Despite its inroads, Waymo is still believed to be losing money. Although Alphabet doesn’t disclose Waymo’s financial results, the robotaxi is a major part of an “Other Bets” division that had suffered an operating loss of $3.3 billion through the first nine months of this year, down from a setback of $4.2 billion at the same time last year.

But Waymo has come a long way since Google began working on self-driving cars in 2009 as part of project “Chauffeur.” Since its 2016 spinoff from Google, Waymo has established itself as the clear leader in a robotaxi industry that’s getting more congested.

Electric auto pioneer Tesla is aiming to launch a rival “Cybercab” service by 2026, although its CEO Elon Musk said he hopes the company can get the required regulatory clearances to operate in Texas and California by next year.
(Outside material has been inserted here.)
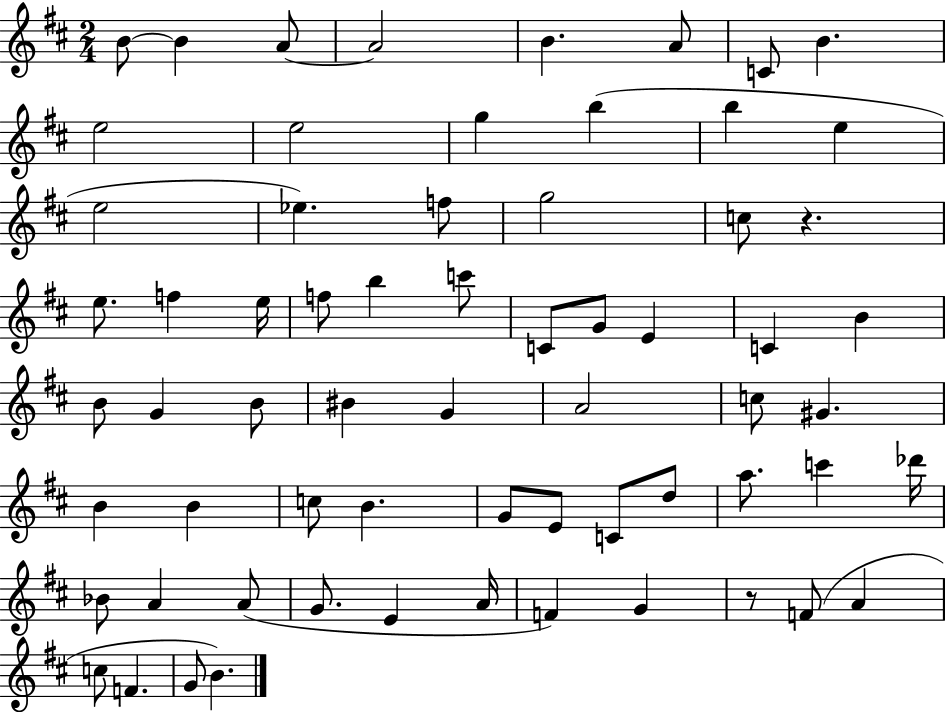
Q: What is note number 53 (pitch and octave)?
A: G4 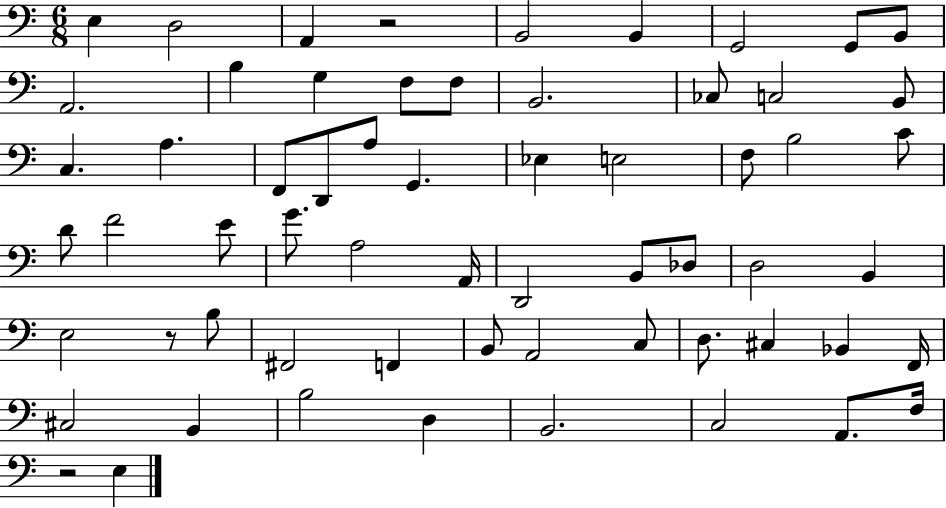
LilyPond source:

Tesla’s projected timeline for competing against Waymo has been met with skepticism because Musk has made unfulfilled promises about the company’s self-driving car technology for nearly a decade.

Meanwhile, Waymo’s robotaxis have driven more than 20 million fully autonomous miles and provided more than 2 million rides to passengers without encountering a serious accident that resulted in its operations being sidelined.

That safety record is a stark contrast to one of its early rivals, Cruise, a robotaxi service owned by General Motors. Cruise’s California license was suspended last year after one of its driverless cars in San Francisco dragged a jaywalking pedestrian who had been struck by a different car driven by a human.

Cruise is now trying to rebound by joining forces with Uber to make some of its services available next year in U.S. cities that still haven’t been announced. But Waymo also has forged a similar alliance with Uber to dispatch its robotaxi in Atlanta and Austin, Texas next year.

Another robotaxi service, Amazon’s Zoox, is hoping to begin offering driverless rides to the general public in Las Vegas at some point next year before also launching in San Francisco.